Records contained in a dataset
=== Begin Enclosure ===

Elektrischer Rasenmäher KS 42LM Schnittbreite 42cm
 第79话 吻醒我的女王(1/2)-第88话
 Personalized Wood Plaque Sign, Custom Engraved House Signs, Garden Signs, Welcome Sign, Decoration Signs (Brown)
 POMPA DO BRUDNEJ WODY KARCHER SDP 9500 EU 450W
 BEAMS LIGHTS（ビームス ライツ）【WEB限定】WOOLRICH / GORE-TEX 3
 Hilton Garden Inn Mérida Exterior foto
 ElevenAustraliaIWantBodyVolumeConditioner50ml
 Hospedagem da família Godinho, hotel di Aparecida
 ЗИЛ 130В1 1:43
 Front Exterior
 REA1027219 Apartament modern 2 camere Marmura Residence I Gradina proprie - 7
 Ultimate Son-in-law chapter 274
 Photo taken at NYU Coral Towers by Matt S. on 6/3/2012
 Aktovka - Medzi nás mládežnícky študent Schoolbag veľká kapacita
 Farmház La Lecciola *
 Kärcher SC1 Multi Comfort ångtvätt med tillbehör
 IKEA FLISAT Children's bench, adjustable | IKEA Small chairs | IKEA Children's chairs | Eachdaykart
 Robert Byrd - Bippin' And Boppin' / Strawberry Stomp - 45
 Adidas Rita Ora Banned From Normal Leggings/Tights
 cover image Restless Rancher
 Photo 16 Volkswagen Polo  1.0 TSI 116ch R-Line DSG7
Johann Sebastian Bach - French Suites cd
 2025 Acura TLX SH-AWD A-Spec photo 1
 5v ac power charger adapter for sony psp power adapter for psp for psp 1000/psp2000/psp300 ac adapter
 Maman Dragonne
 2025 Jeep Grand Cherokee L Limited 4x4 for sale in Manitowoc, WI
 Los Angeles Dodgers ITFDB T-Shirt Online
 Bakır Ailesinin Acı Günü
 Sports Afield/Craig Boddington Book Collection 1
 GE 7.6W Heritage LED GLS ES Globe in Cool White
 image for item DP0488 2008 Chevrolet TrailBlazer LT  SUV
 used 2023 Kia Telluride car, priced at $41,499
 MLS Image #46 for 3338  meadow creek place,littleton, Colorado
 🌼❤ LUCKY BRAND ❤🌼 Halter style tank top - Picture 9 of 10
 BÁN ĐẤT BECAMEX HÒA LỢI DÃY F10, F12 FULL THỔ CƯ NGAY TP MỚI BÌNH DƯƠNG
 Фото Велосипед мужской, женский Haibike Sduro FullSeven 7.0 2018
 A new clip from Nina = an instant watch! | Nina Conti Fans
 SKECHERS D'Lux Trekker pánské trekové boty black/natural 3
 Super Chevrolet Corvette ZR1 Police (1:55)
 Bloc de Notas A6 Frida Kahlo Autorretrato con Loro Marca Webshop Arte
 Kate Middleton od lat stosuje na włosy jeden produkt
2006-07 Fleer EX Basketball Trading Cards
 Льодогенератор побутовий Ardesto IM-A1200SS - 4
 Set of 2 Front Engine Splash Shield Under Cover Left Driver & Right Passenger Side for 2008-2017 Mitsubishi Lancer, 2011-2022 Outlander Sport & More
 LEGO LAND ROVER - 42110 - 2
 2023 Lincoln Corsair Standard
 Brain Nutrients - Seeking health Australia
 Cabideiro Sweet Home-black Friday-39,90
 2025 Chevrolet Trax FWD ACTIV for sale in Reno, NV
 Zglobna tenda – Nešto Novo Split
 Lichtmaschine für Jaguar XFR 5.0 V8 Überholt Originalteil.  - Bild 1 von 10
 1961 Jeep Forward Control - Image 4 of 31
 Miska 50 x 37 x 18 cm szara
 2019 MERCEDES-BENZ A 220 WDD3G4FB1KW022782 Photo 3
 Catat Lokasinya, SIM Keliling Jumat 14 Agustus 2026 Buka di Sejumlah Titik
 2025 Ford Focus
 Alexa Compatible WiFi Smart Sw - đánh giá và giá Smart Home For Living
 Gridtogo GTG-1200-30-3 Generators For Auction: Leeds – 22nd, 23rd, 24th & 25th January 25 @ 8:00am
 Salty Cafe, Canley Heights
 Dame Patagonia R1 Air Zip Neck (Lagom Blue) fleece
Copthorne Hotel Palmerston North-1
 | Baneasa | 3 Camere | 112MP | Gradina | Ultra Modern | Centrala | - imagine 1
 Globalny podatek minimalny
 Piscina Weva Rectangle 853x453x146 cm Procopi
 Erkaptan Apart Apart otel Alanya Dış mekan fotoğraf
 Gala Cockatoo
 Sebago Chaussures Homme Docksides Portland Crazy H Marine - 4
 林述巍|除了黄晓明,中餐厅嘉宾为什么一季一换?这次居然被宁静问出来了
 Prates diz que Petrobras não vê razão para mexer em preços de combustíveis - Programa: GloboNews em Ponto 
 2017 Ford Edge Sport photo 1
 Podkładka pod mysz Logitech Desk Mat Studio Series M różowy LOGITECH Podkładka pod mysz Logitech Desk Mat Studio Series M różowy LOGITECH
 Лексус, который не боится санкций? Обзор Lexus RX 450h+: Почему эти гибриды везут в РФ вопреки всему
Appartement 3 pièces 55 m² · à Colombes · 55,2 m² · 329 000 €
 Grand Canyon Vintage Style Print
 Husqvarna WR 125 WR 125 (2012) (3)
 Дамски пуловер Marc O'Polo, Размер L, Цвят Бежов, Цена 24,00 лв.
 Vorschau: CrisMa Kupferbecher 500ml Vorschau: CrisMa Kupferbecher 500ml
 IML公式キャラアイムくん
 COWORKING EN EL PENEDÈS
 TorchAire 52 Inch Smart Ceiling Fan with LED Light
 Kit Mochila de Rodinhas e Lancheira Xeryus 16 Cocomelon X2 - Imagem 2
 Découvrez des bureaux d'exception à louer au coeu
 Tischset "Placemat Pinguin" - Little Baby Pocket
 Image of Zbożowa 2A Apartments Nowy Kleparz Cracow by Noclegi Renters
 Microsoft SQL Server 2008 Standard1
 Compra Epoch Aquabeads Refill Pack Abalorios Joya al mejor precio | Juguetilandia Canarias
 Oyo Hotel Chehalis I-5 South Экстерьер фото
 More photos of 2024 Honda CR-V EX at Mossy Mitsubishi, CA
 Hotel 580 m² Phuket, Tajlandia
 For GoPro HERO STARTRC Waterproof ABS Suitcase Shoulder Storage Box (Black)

=== End Enclosure ===

Extract every line from the one containing "2017 Ford Edge Sport photo 1" to the end of the entries, including both of those lines, exactly as given and with nothing added.

 2017 Ford Edge Sport photo 1
 Podkładka pod mysz Logitech Desk Mat Studio Series M różowy LOGITECH Podkładka pod mysz Logitech Desk Mat Studio Series M różowy LOGITECH
 Лексус, который не боится санкций? Обзор Lexus RX 450h+: Почему эти гибриды везут в РФ вопреки всему
Appartement 3 pièces 55 m² · à Colombes · 55,2 m² · 329 000 €
 Grand Canyon Vintage Style Print
 Husqvarna WR 125 WR 125 (2012) (3)
 Дамски пуловер Marc O'Polo, Размер L, Цвят Бежов, Цена 24,00 лв.
 Vorschau: CrisMa Kupferbecher 500ml Vorschau: CrisMa Kupferbecher 500ml
 IML公式キャラアイムくん
 COWORKING EN EL PENEDÈS
 TorchAire 52 Inch Smart Ceiling Fan with LED Light
 Kit Mochila de Rodinhas e Lancheira Xeryus 16 Cocomelon X2 - Imagem 2
 Découvrez des bureaux d'exception à louer au coeu
 Tischset "Placemat Pinguin" - Little Baby Pocket
 Image of Zbożowa 2A Apartments Nowy Kleparz Cracow by Noclegi Renters
 Microsoft SQL Server 2008 Standard1
 Compra Epoch Aquabeads Refill Pack Abalorios Joya al mejor precio | Juguetilandia Canarias
 Oyo Hotel Chehalis I-5 South Экстерьер фото
 More photos of 2024 Honda CR-V EX at Mossy Mitsubishi, CA
 Hotel 580 m² Phuket, Tajlandia
 For GoPro HERO STARTRC Waterproof ABS Suitcase Shoulder Storage Box (Black)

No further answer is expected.